Cuma Satu Harapan Pedagang Pasar Hewan Barito: Temui Kami, Pak Gubernur
- tvOnenews.com/Rika Pangesti
Jakarta, tvonenews.com - Di antara deretan kios burung yang sudah puluhan tahun berdiri di kawasan Barito, Jakarta Selatan, suara-suara keresahan terdengar semakin nyaring.
Bukan karena penjualan yang makin lesu atau pelanggan yang makin jarang datang, tapi karena satu hal yang belum terjadi hingga kini: pertemuan dengan Gubernur Jakarta.

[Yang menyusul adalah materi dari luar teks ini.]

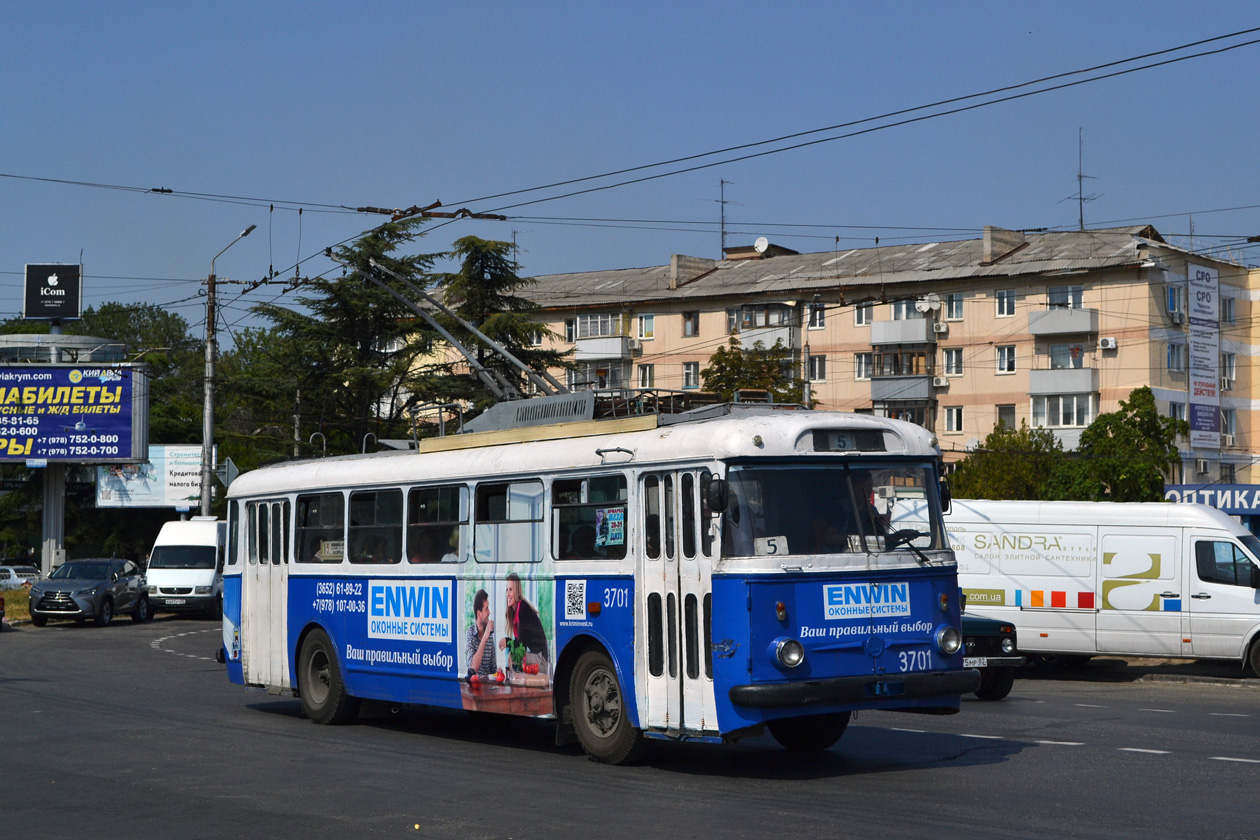 Крымский троллейбус, Škoda 9TrH27 № 3701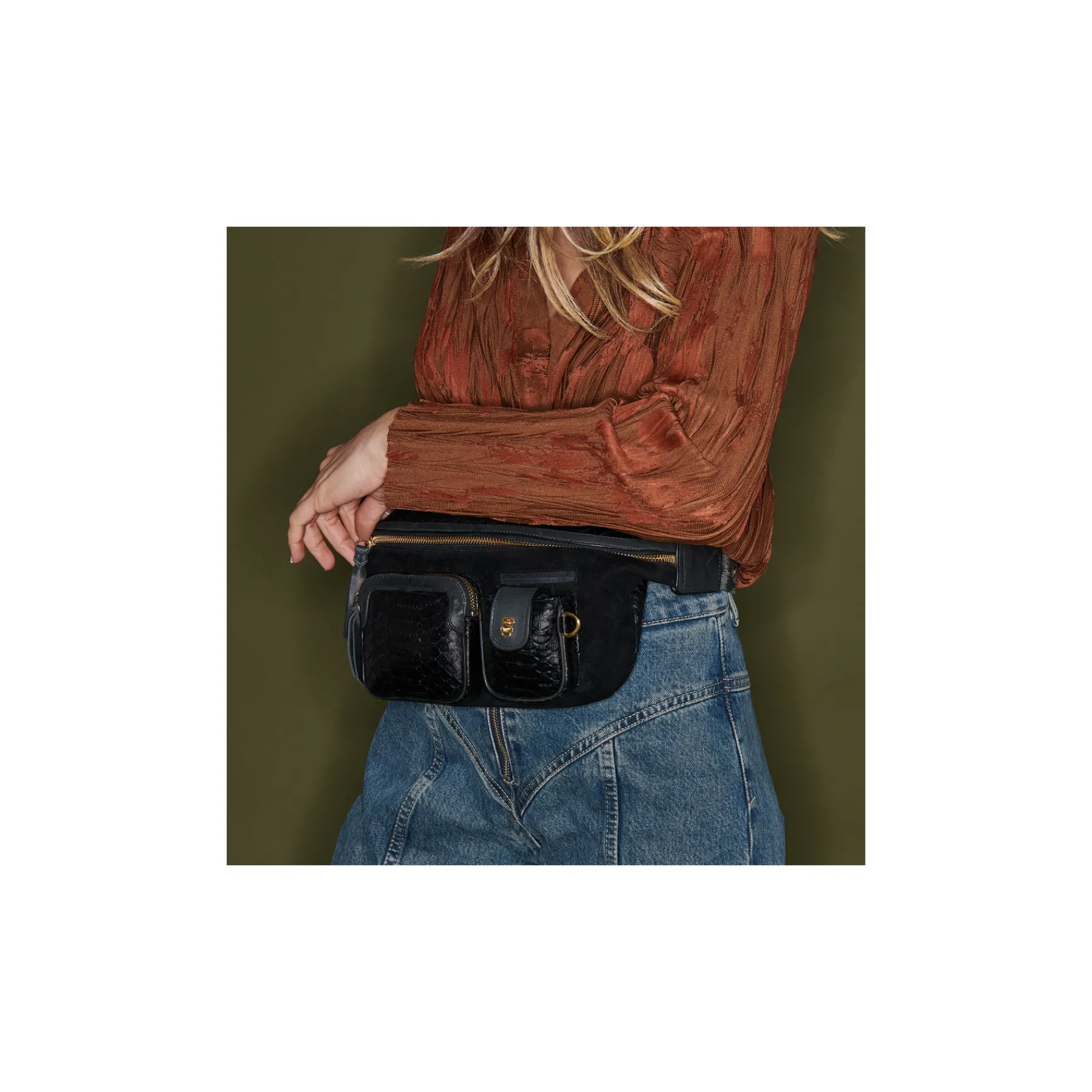 Claris Virot Noir|Sac Banane Romeo 17 X 27 X 10<Sac Banane Romeo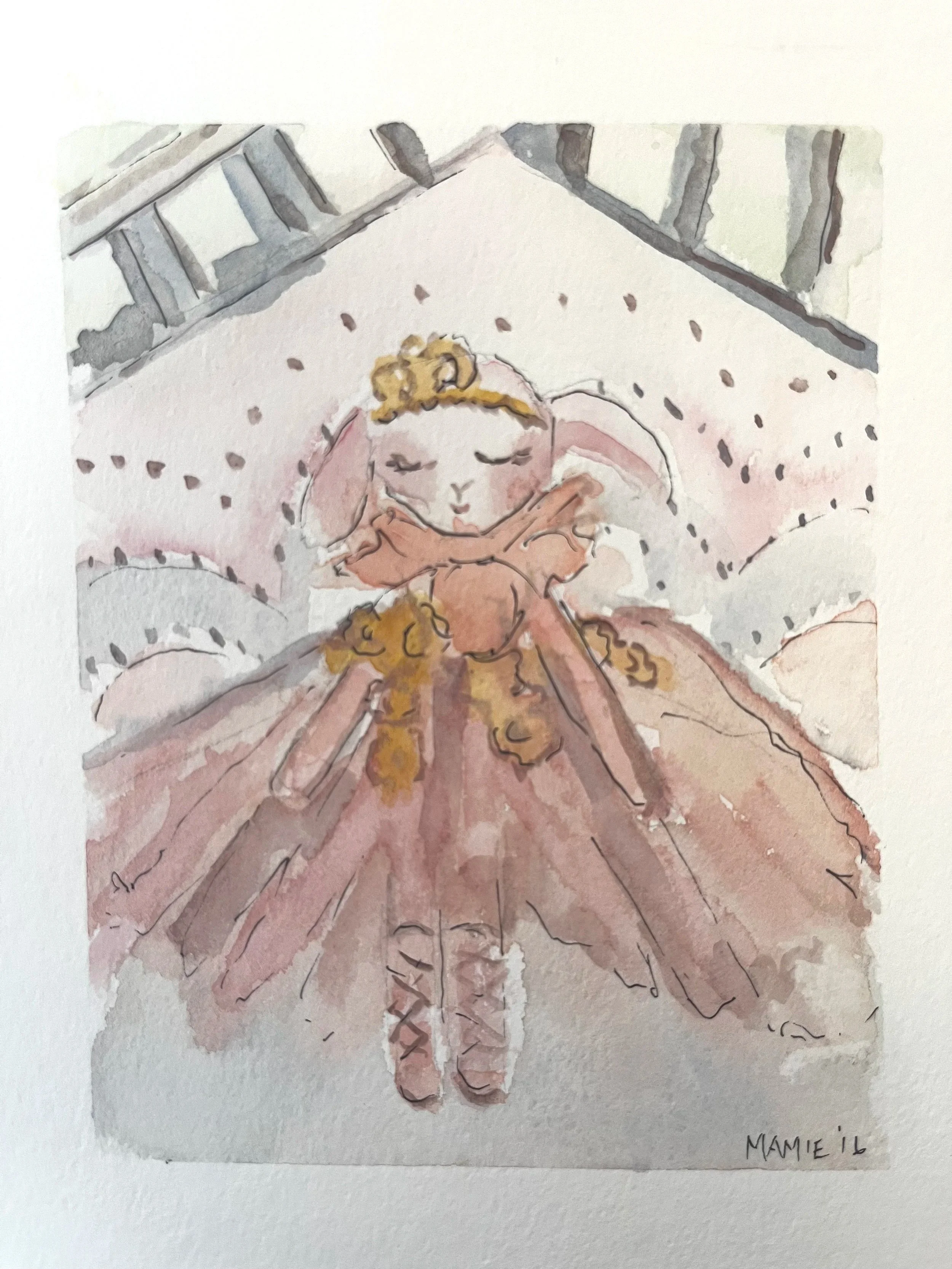 watercolor on paper.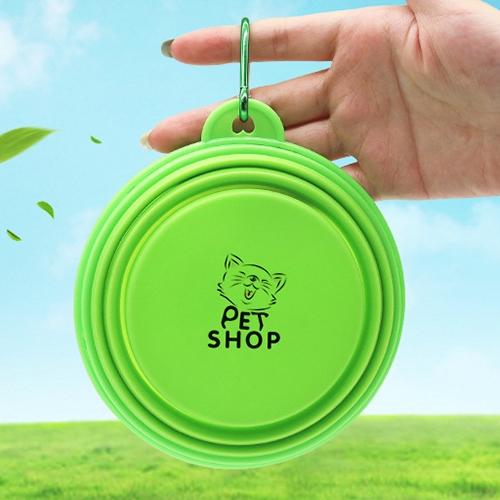 硅膠材質摺疊寵物碗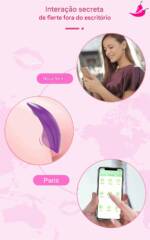 Vibrador de Calcinha 10 Modos de Vibração por APP - Appulse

"Yang kami minta cuma satu: bertemu dan bicara baik-baik. Duduk bersama cari jalan tengah, bagaimana solusinya, ajak ngobrol pedagang, pihak yang terdampak. Jangan langsung gusur,” ujar Yuliyana (45), pedagang sekaligus pengurus Paguyuban Pedagang Pasar Burung Barito, Jakarta Selatan.
Taman Boleh Direvitalisasi, Tapi Jangan Singkirkan Kami
Wacana proyek penggabungan Taman Barito, Taman Ayodya, dan Taman Langsat menjadi satu kawasan ruang terbuka hijau memang mendapat sambutan positif dari para pedagang. Tidak ada yang menolak ruang hijau.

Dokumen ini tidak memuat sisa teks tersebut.